# Servus BAZI ... steel is real jetzt für die Kleinste



## HaegarHH (25. Mai 2021)

Nachdem ich mir ein neues Stahlhardtail [A] Scottish steel ... oder ZeroPatience aufgebaut hatte, für den Größten zufällig ein Woom off 6 gefunden wurde, stand als nächstes das Problem an, wie die 4-jährige zukünftig unterwegs sein sollte. 

Vorletztes Weihnachten gab es ein Early Rider Belter 14, zuerst nur als Laufrad genutzt 






dann im Sommer wirklich fahren gelernt und gleich am ersten Abend 5km am Inn gerockt , danach kaum noch aufzuhalten.

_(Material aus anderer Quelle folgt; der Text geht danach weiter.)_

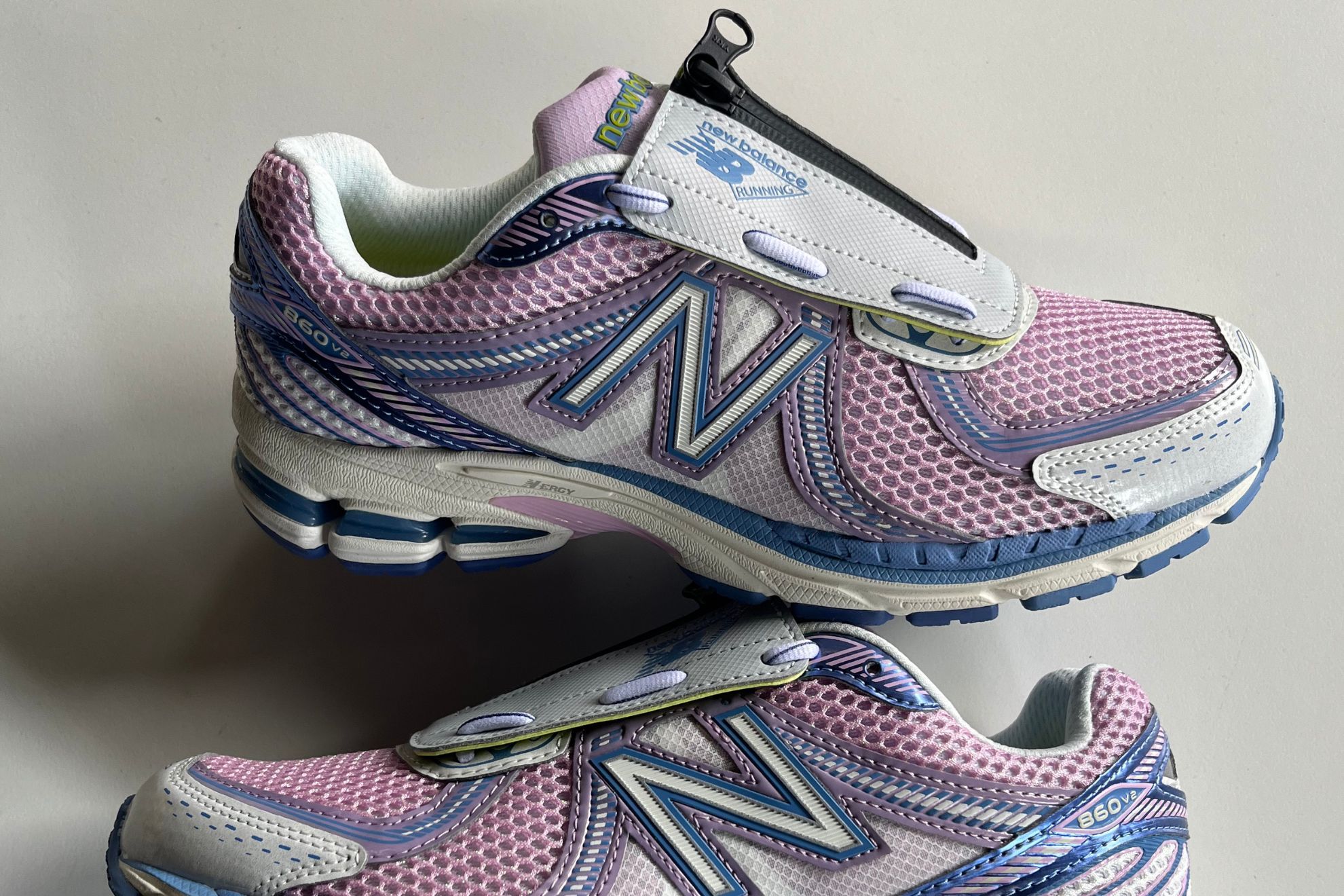 ROSE33になります Wider Release of the UP THERE x New Balance 860v2 'Blossom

Dieses Jahr wurde von der Größe das leider ungenutzte Early Rider 16 der 1 Jahr älteren Schwester fast komplett übersprungen . Das sah jedenfalls gleich beim ersten Probefahren zu klein aus. Mit klarer Meinung





oder nur zufällig den falschen Finger auf die Bremse gepackt 


Nach einschlägiger Lektüre und Recherche war schnell klar, für den kleinen Wirbelwind will ich lieber eine etwas modernere Geometrie habe, aktuelle Konzepte UND leichter, als z. B. die vorhanden Orbea MX der beiden Jungs. VPace hätte es werden soll, von wegen 29er Idee umgesetzt für kleinere Menschen und Corona machte einen Strich durch die Rechnung. 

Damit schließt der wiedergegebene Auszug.